Error in renameDimension #1357

Open veenstrajelmer opened 1 month ago

veenstrajelmer commented 1 month ago

Based on https://github.com/Unidata/netcdf4-python/issues/817, but with the rename ordering switched just to be safe. There seems to be a bug in renameDimension:

import netCDF4 as nc

with nc.Dataset('test.nc', 'w') as fp:
    fp.createDimension('x', 3)
    ncvar = fp.createVariable('x', float, ('x',))
    ncvar[:] = [1.1, 2.2, 3.3]

with nc.Dataset('test.nc', 'r+') as fp:
    print(fp.variables['x'][:])
    fp.renameVariable('x', 'lon')
    fp.renameDimension('x', 'lon')
    print(fp.variables['lon'][:])

with nc.Dataset('test.nc', 'r') as nc:
    print(nc.variables['lon'][:])

Prints:

[1.1 2.2 3.3]
[1.1 2.2 3.3]
[-- -- --]

It seems that the data is corrupted upon saving the file. I would expect it would be just possible to rename a dimension without losing the data. My usecase can be found here: https://forum.ecmwf.int/t/new-time-format-in-era5-netcdf-files/3796/5?u=jelmer_veenstra

This only happens when the variable name is equal to the dimension name, and both have to be renamed. If we comment one of the rename actions, the data is preserved.

jswhit commented 1 month ago

possibly related to https://github.com/Unidata/netcdf-c/issues/597

veenstrajelmer commented 1 month ago

You are linking to an unresolved issue from 2017 that describes a fundamental problem. That is a bit unexpected to me for a well-known and widely-used package like this. It seems that if both dimensions and variables/coords are renamed at once, the issue does not appear. Is that possible via the python API or is there another workaround?

jswhit commented 1 month ago

maybe save the data from the variable before renaming, then copy the data back to the renamed variable?

jswhit commented 1 month ago

to answer your question, there's nothing in the C API that allows you to rename a dimension and a variable both at the same time.

veenstrajelmer commented 1 month ago

Ok, for me it does not have to be at the same time, as long as the dataset is not messed up.. Your suggestion would be a bit cumbersome. An alternative would be to do the renaming with xarray, but this requires me to save it into as separate dataset as xarray does not change netcdf files inplace. Either way, I think it would still be valuable if this bug is fixed.
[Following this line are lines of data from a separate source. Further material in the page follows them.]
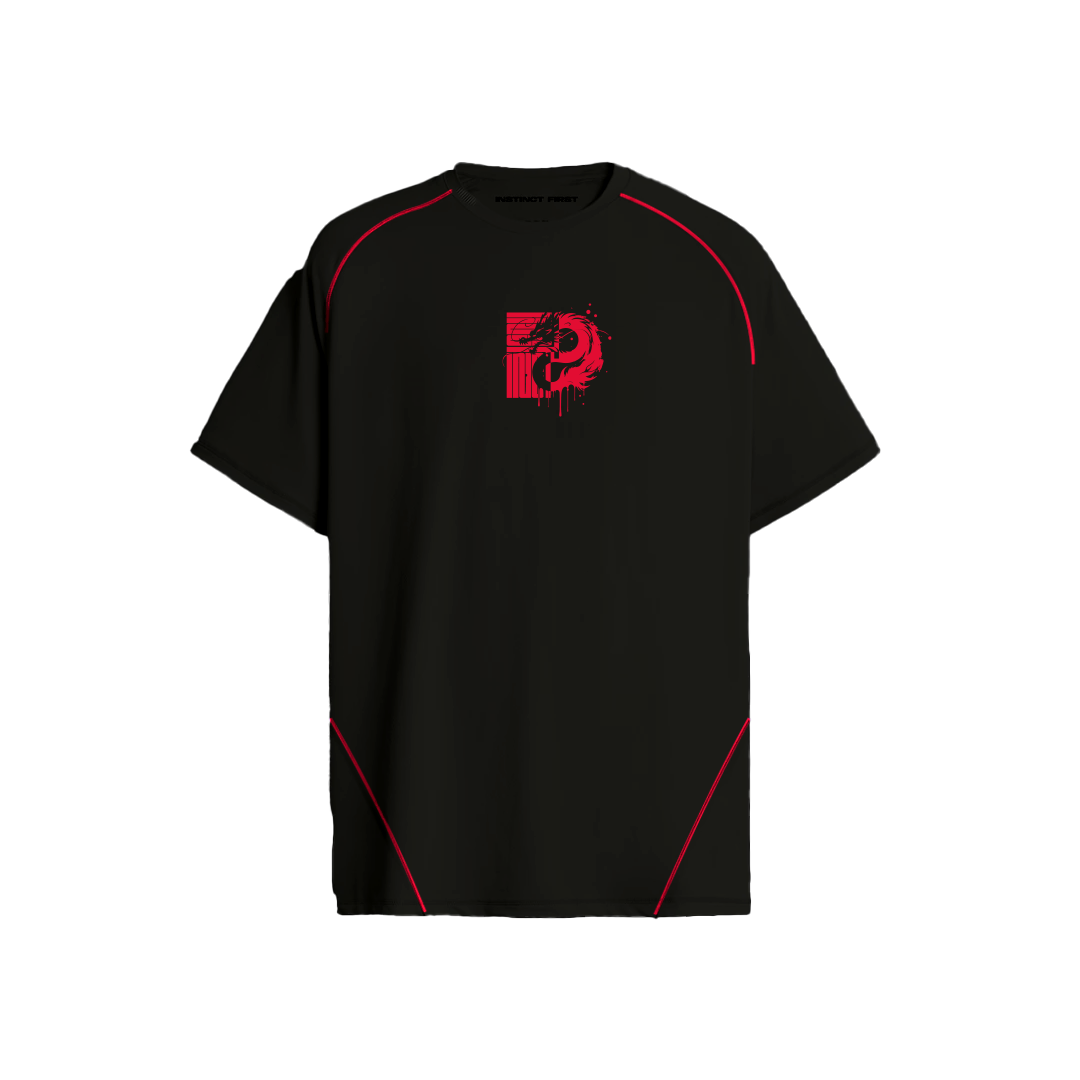 The First Dragon - Oversized T-Shirt (BlacK) by Instinct First
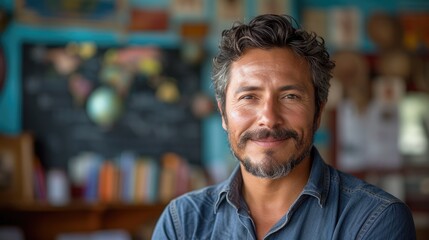 Confident Educator Smiles in Classroom with Books and Globe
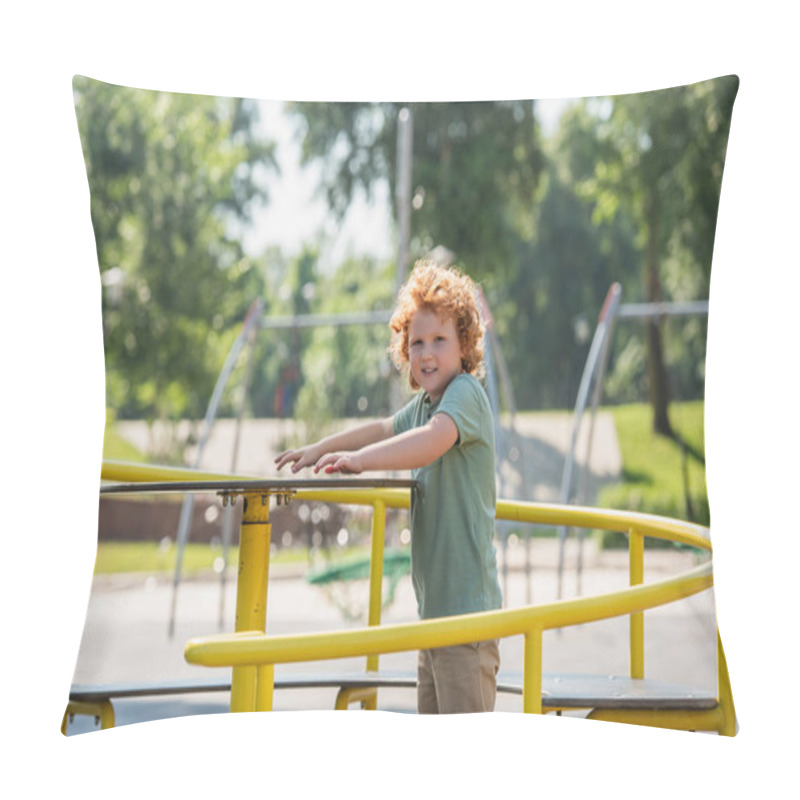 Personality  Excited Boy Looking At Camera While Riding Carousel In Park Pillow Covers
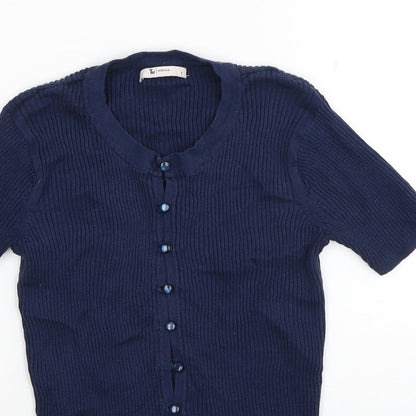 TU Womens Blue Round Neck Cotton Cardigan Jumper Size 8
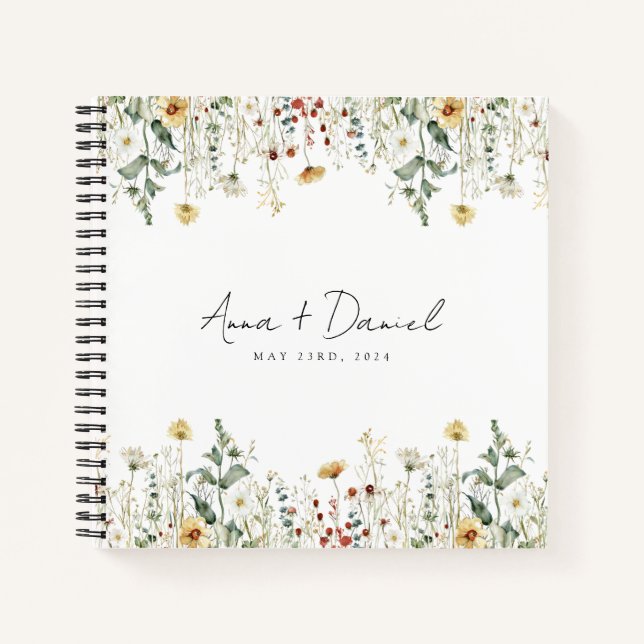 Libro de invitados de boda en campo de flores silv (Anverso)
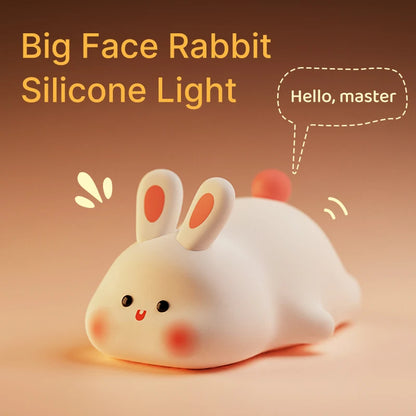 Adorable Big Face Rabbit Night Light for Kids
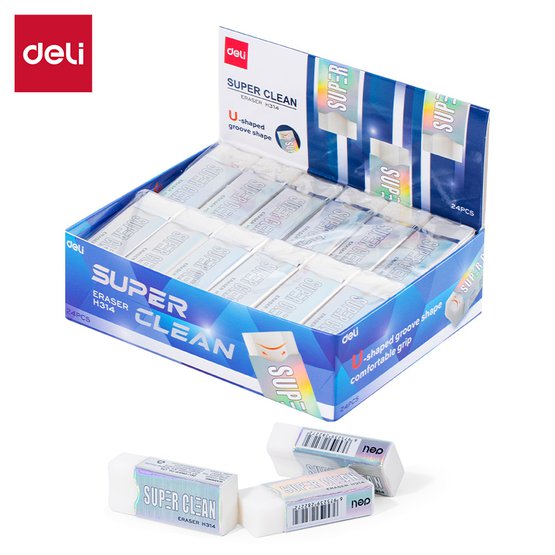 Ластик Deli Dust Free обеспечивает чистое стирание графита с минимальным количеством крошек. Специальная форма с канавкой делает использование более удобным. Подходит для школы, офиса и художественных работ.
Would this be possible or not to be expected?

jswhit commented 1 month ago

the other workaround mentioned in the issue is to convert the file to netcdf3, then do the reanaming, and convert back. Very cumbersome for sure. Unfortunately, this is not something we can fix here since it's not happening in the python API, but in the underlying C library. I would suggest you contribute your example to the netcdf-c issue and ask for a progress update from the developers.

veenstrajelmer commented 1 month ago

Thanks, I have posted a reply in the issue you linked before. I was actually not paying attention before and did not notice the linked issue was about netcdf-c. Thanks for looking it up and understandable that if it does not work in netcdf-c, it can also not work in netcdf4-python.